Ray Job Progress Tracker

Ray Job Progress Tracker

Hello Team, I would like to build a distributed Ray Job progress tracker to keep track of how many records processed so far, how many successful, how many failed and then show it on the console as the Ray job makes progress.

I have implemented the following solution and would love to get you review and feedback on the implementation. Is there a better, simpler way to do it via the Ray APIs ?

1. Console logging with ProgressReporter (progress_tracker.py)

A ProgressReporter background thread polls the ProgressTracker actor at a configurable interval and logs progress to the console. The actor tracks counts internally; the reporter reads them via get_counts().

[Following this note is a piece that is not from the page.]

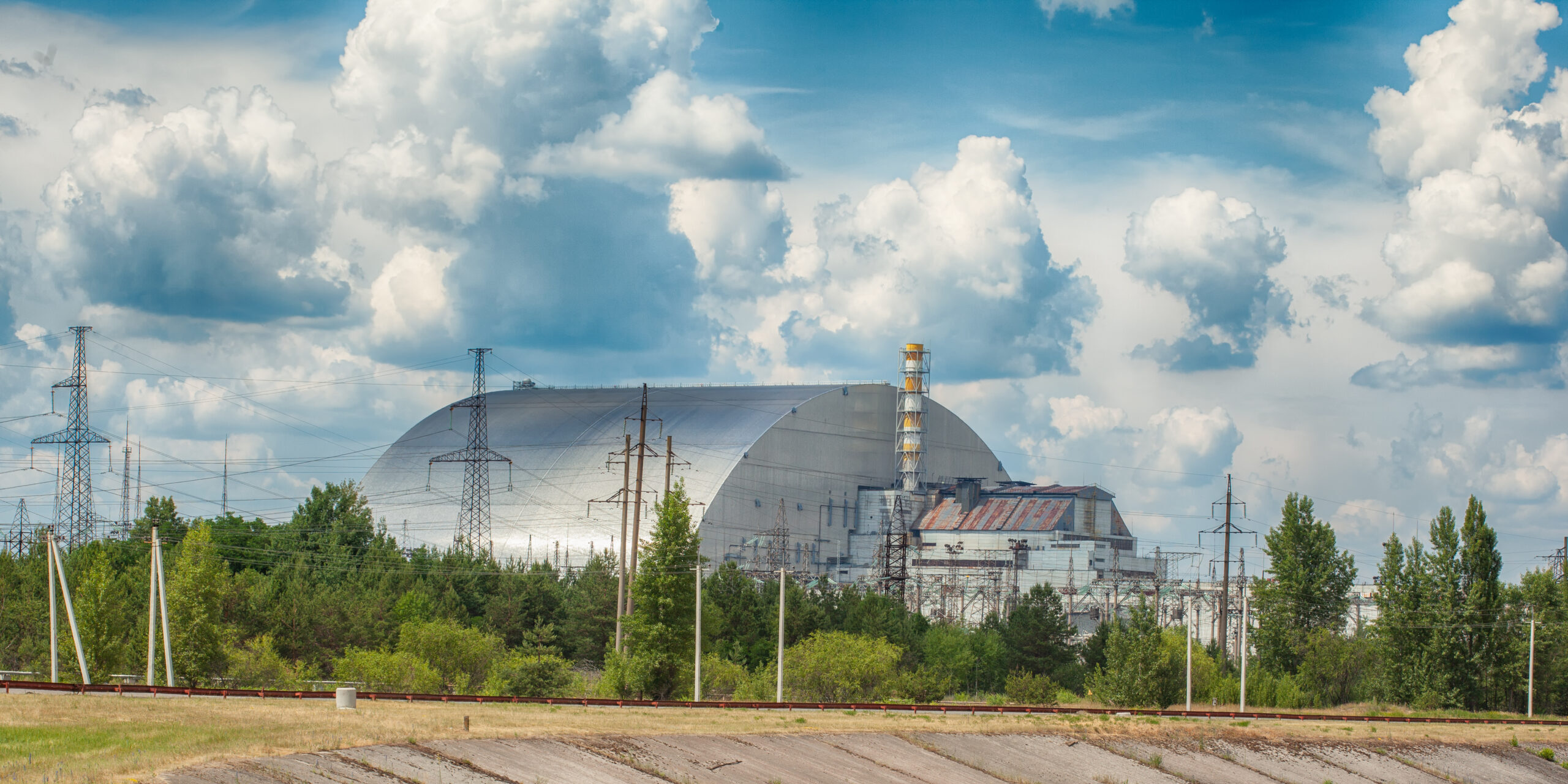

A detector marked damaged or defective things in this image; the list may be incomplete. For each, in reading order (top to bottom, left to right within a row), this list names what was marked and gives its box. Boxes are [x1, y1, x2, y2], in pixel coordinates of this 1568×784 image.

rusty rail [3, 681, 1558, 730]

Track success/failure counts and throughput across distributed Ray Data map_batches workers.

Architecture

┌─────────────────────┐       increment()         ┌──────────────────────┐
│  map_batches worker │ ──── fire-and-forget ──►  │                      │
├─────────────────────┤                           │   ProgressTracker    │
│  map_batches worker │ ──── fire-and-forget ──►  │   (Ray actor)        │
├─────────────────────┤                           │                      │
│  map_batches worker │ ──── fire-and-forget ──►  │   success, failure,  │
└─────────────────────┘                           │   timestamps         │
                                                  └──────────┬───────────┘
                                                             │
                                                  get_counts() every N sec
                                                             │
                                                             v
                                                  ┌──────────────────────┐
                                                  │  ProgressReporter    │
                                                  │  (background thread) │
                                                  │  logs to console     │
                                                  └──────────────────────┘

There are three components:

  • ProgressTracker — a Ray actor that accumulates success/failure counters. Workers call increment() as fire-and-forget (tracker.increment.remote()), so processing is never blocked by progress bookkeeping.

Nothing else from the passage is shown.